Dear Editors,

We thank Drs. Qian, Chen, and Chen [1] for their interest and valuable comments on our article entitled “Normal saline, the known but least-examined fluid therapy method for preventing heme-induced nephropathy in children with glucose 6 phosphate dehydrogenase deficiency: a randomized controlled clinical trial” [2]. We are pleased to read their comments regarding our published article, and to provide the following response.

So far, clinical and experimental studies have suggested heme-induced nephropathy occurs due to the combination of renal ischemia and direct tubular epithelial cell toxicity mediated by the generation of reactive oxygen species. It has been shown that the activation of cytokine-induced inflammatory mediators damages proximal tubular cells and this activation is influenced by tissue hypoxia and intracellular medullary acidosis. Therefore, the current study aimed to assess the hypothesis of whether acetazolamide would protect against heme-induced nephropathy due to its carbonic anhydrase inhibitory and cellular energy conservation properties.

As we mentioned, there is a lack of documented randomized clinical trials comparing the efficacy and safety of acetazolamide in the prevention of heme-induced nephropathy due to favism in children with glucose 6 phosphate dehydrogenase deficiency (G6PDd). Due to the similarity of heme-induced nephropathy and contrast-induced nephropathy (CIN), the current study was designed based on a previous study of CIN.

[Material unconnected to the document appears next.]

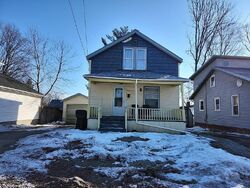 Pre-foreclosure in  Taylor Ct Ionia, MI 48846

In response to the first question about safety of acetazolamide in children under two years, we acknowledge the authors’ concern regarding the risk of acute kidney injury (AKI) following the administration of > 1 g/day. Although there is no absolute contraindication for this administration, we prescribed only 5 mg/kg/day acetazolamide. For instance, 60 mg/day acetazolamide was administered for a 2-year-old child weighing 12 kg, which is approximately 1/15 of 1 g/day.

Regarding the second question, on the lack of significant difference in serum potassium among the three groups, it is noteworthy that the consequent decrease in potassium level usually happens after long-term consumption. As we mentioned, the treatment period in our patients was about 2 to 3 days, and the potassium level was checked periodically to monitor its safety.

Regarding the third question, the authors addressed a retrospective study reporting AKI in ICU patients after intravenous acetazolamide treatment [3]. These results may have occurred due to various inclusion criteria and the study design. As we declared, we assessed patients with only acute hemolytic anemia due to G6PDd. In contrast, the referenced article investigated critically ill patients who may have suffered from multi-organ dysfunctions or comorbidities. Therefore, the prevalence of AKI in the retrospective study may be due to the abovementioned factors.

In conclusion, we are thankful for the comments and for pointing out further research possibilities.